DATA EXTRACTS
-- Opening Marker --

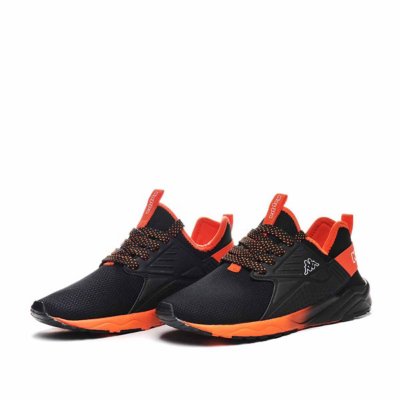 sneakers enfant san puerto lace jr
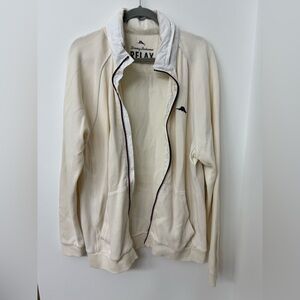 Tommy Bahama Relax Sweatshirt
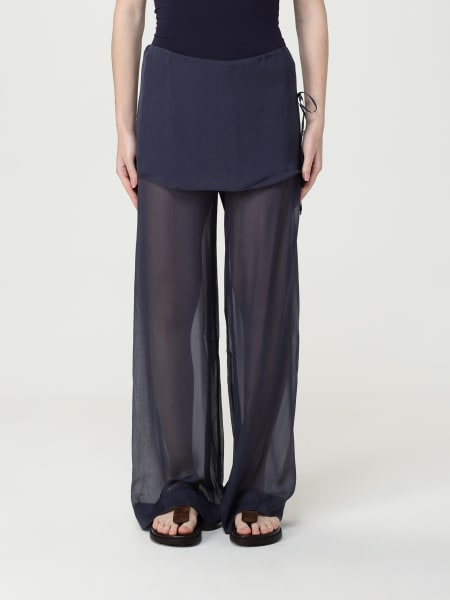Paloma Wool: 팬츠 여성 Paloma Wool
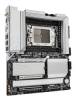Gigabyte TRX50 AERO D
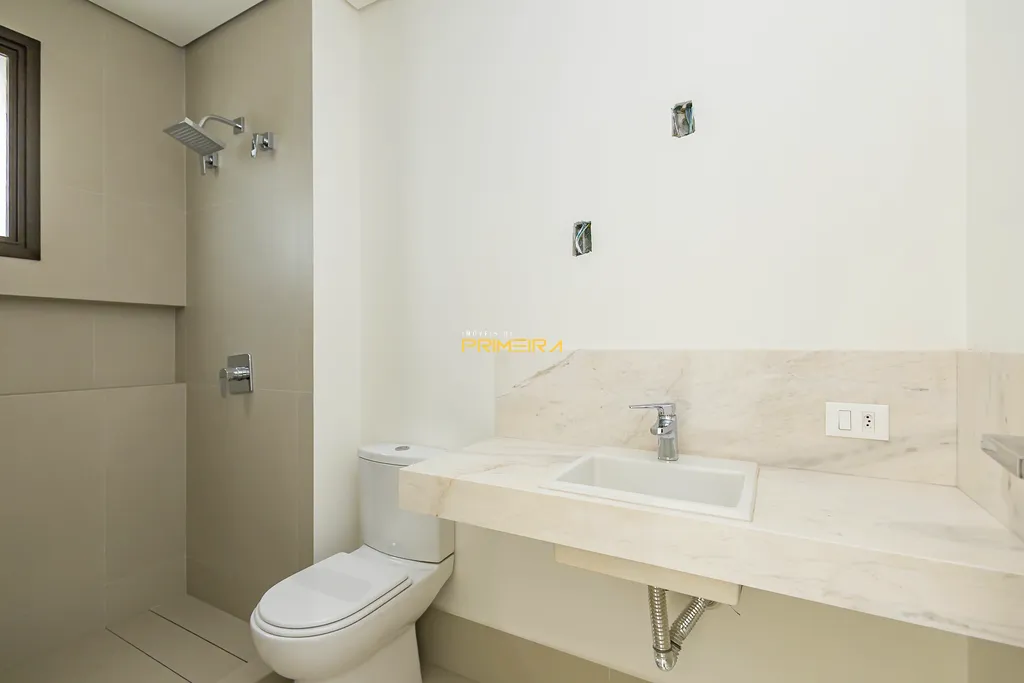 Apartamento 3 quartos à venda em Bigorrilho, Curitiba/PR, foto 39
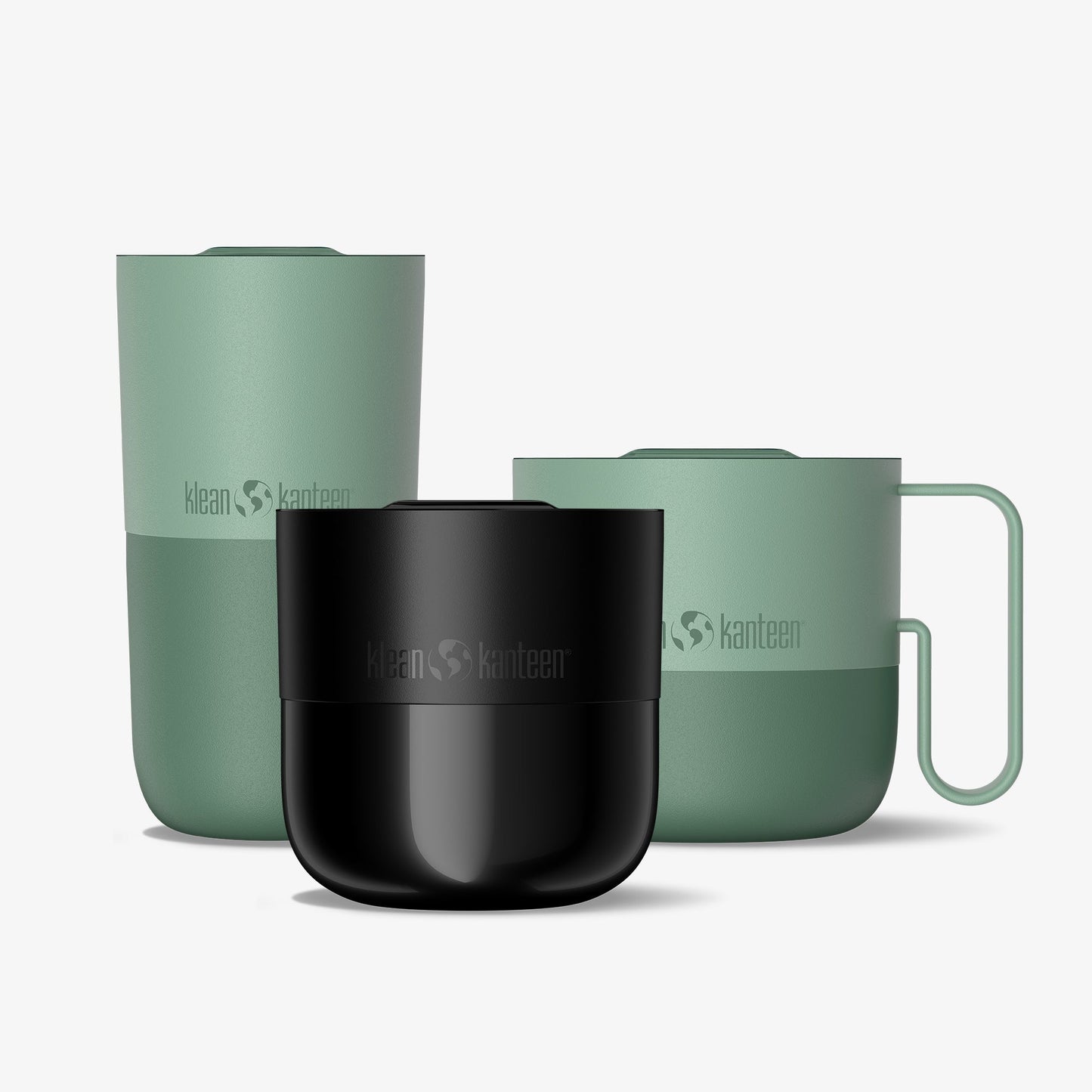 rise-drinkware-set-b7 rise-drinkware-set-16ig-12ig-8bk.jpg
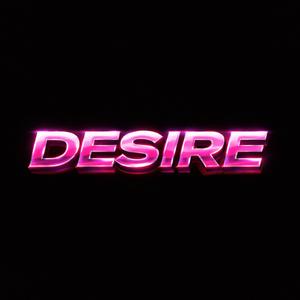 Desire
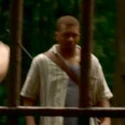 Bgothers-ivan-3x01.jpg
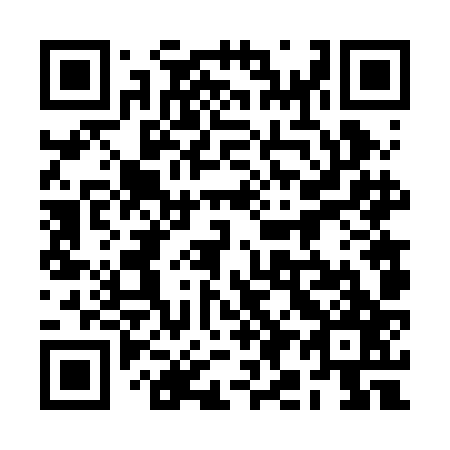 QR code for 2I6-2J7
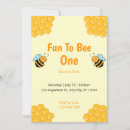 Search for bumble bee Black and yellow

-- Closing Marker --

WHAT YOU WILL DO
Would you copy all the material exactly, dropping the pictures?

EXERCISE OUTPUT
 sneakers enfant san puerto lace jr
 Tommy Bahama Relax Sweatshirt
Paloma Wool: 팬츠 여성 Paloma Wool
Gigabyte TRX50 AERO D
 Apartamento 3 quartos à venda em Bigorrilho, Curitiba/PR, foto 39
 rise-drinkware-set-b7 rise-drinkware-set-16ig-12ig-8bk.jpg
 Desire
 Bgothers-ivan-3x01.jpg
 QR code for 2I6-2J7
 Search for bumble bee Black and yellow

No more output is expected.